— Task item —
Please repeat, precisely as written, only the lines from the one containing "FUJIFILM X-Pro3 [DRブラック" through the last line of the records below, pictures omitted.

— Dataset excerpts —
--------------------------------------------------

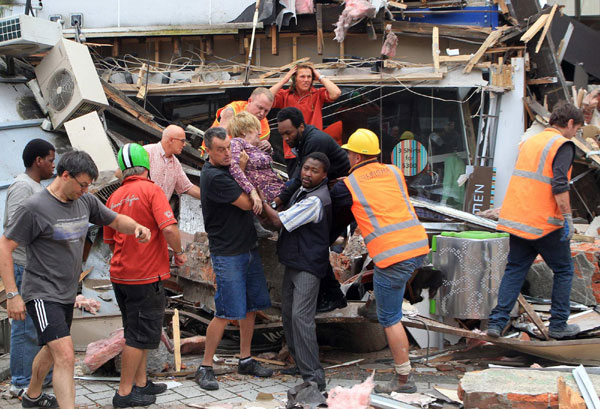 New Zealand PM says quake kills at least 65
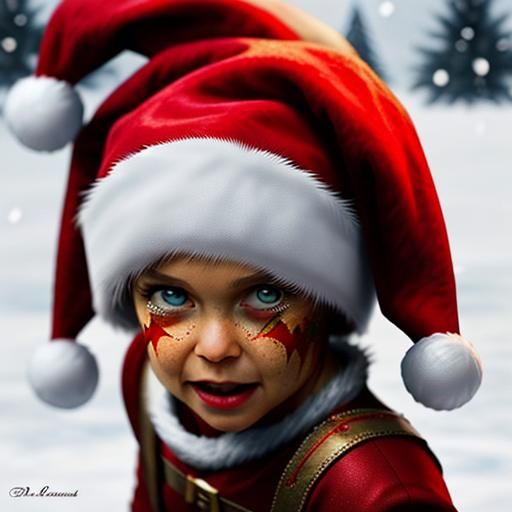 A beautiful lie of Christmas. A child's innocent belief in Santa Claus. A lie that brings joy to children and adults ali...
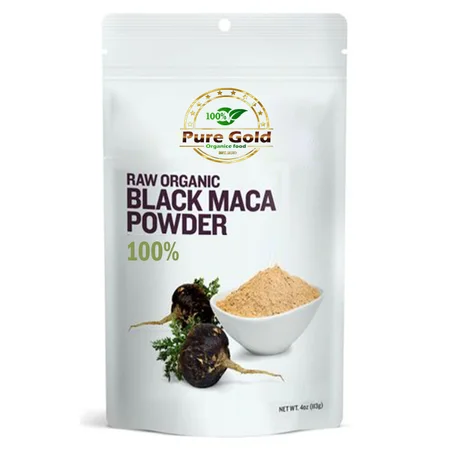 مسحوق الماكا السوداء العضوى BLACK MACA POWDER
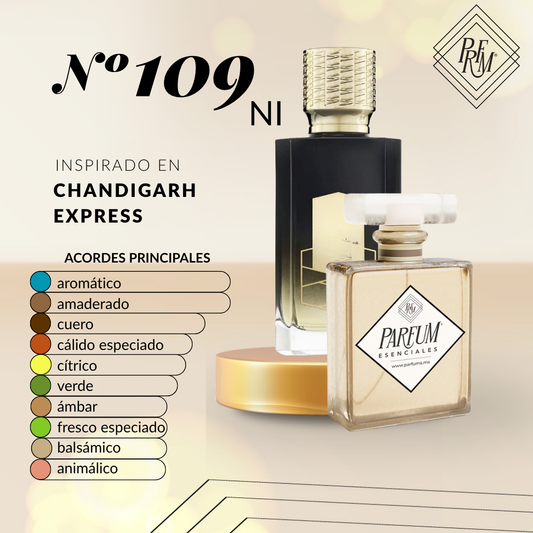 109NI- inspirado en CHANDIGARH EXPRESS UNISEX
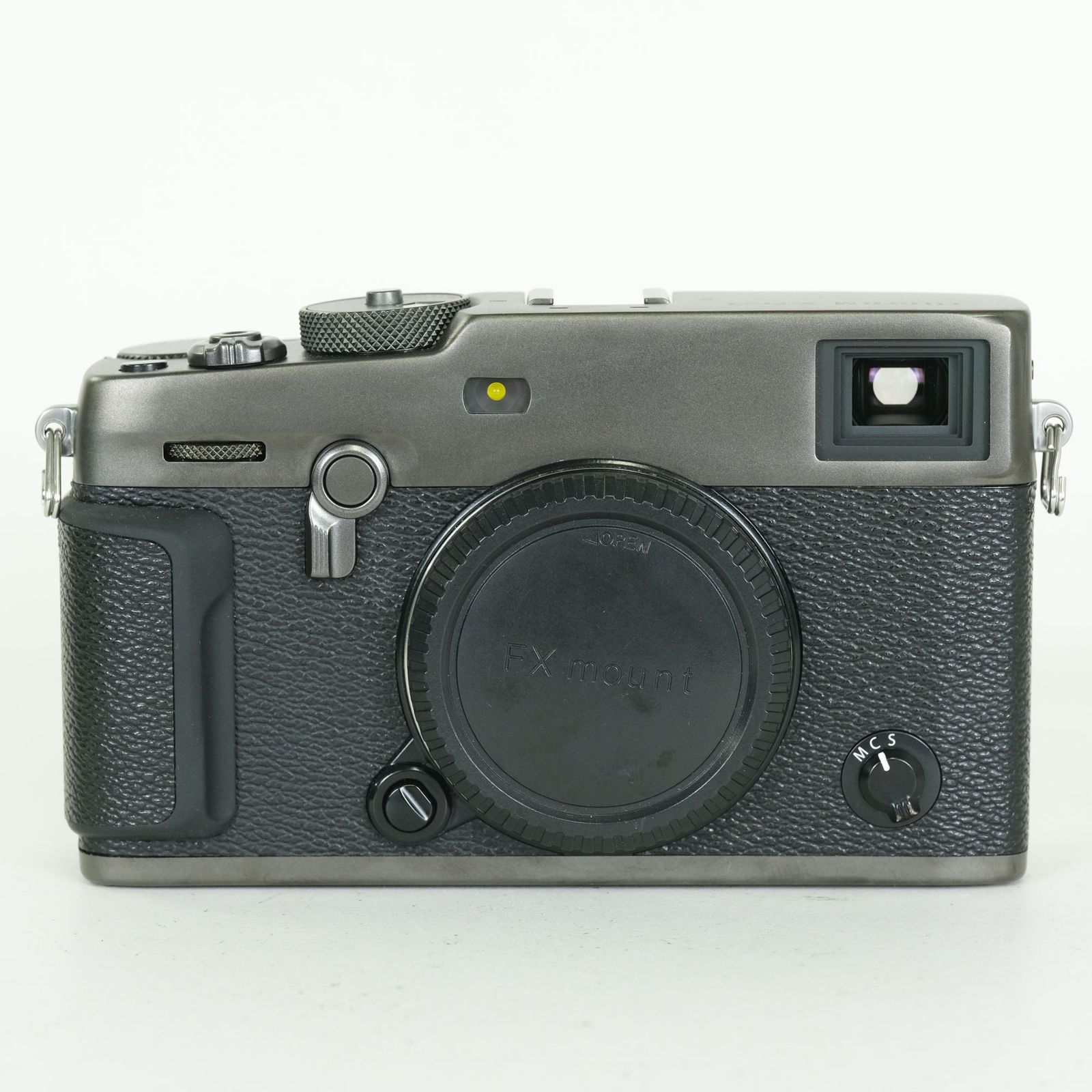 【美品】FUJI FILM X-PRO3 DRBLACKおまけ純正バッテリー2つ 美品 | シャッター数6,210回] FUJIFILM X-Pro3 [DRブラック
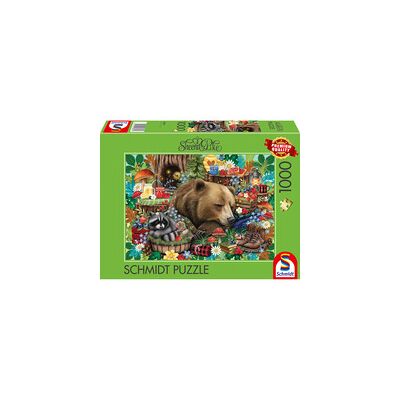 Schmidt Spiele Sheena Pike: Sommertraum, Puzzle Schmidt Spiele Sheena Pike: Sommertraum, Puzzle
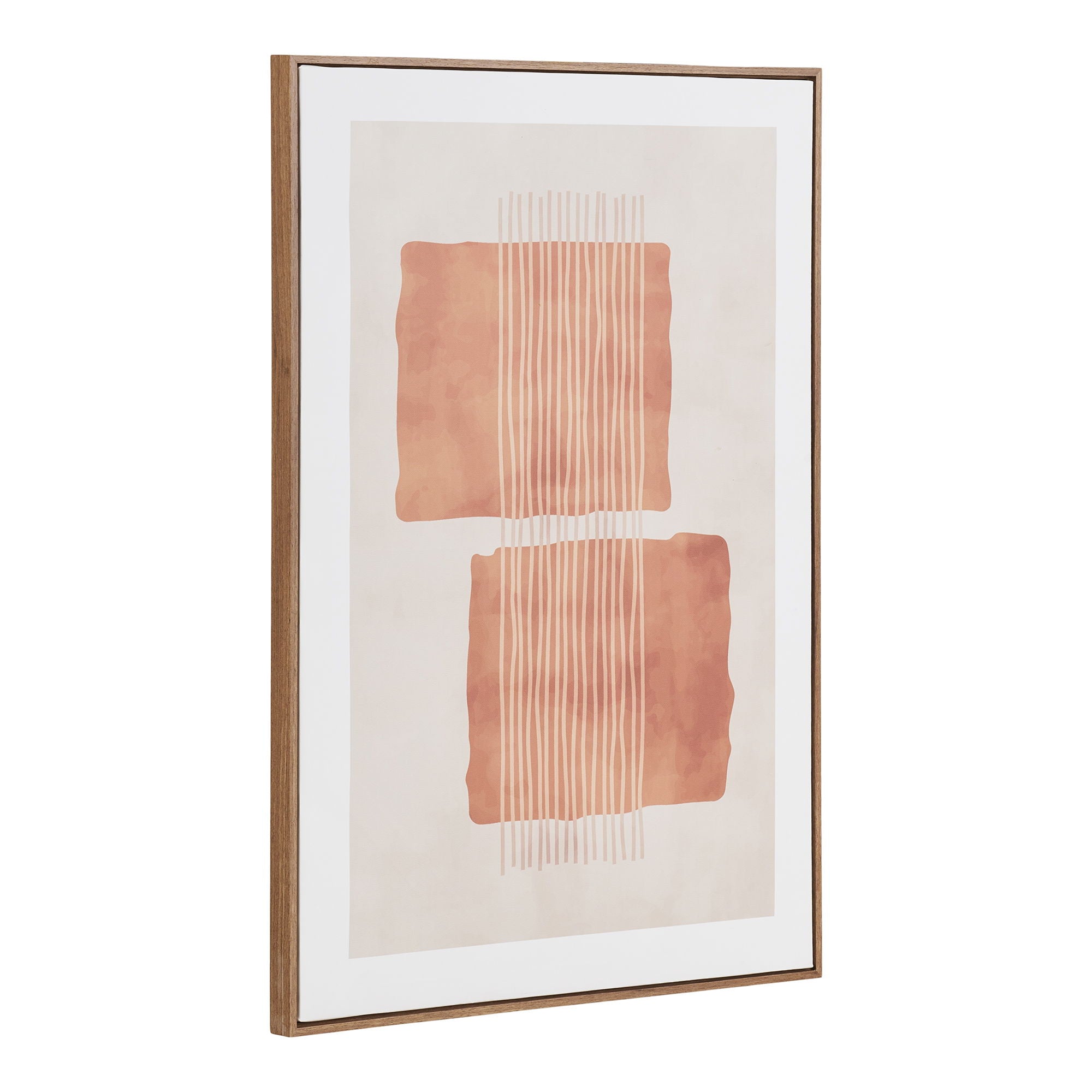 Obraz na płótnie Mina 70x50 cm No. 2 beżowo-brązowy
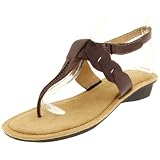 Naturalizer Womens Tonnya Thong Sandal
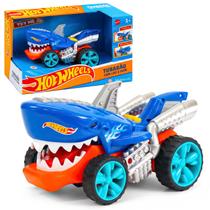 Hot Wheels Tubarão Carrinho Com Luz Som E Movimento Mattel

--------------------------------------------------

— Written reply —
 【美品】FUJI FILM X-PRO3 DRBLACKおまけ純正バッテリー2つ 美品 | シャッター数6,210回] FUJIFILM X-Pro3 [DRブラック
 Schmidt Spiele Sheena Pike: Sommertraum, Puzzle Schmidt Spiele Sheena Pike: Sommertraum, Puzzle
 Obraz na płótnie Mina 70x50 cm No. 2 beżowo-brązowy
 Naturalizer Womens Tonnya Thong Sandal
 Hot Wheels Tubarão Carrinho Com Luz Som E Movimento Mattel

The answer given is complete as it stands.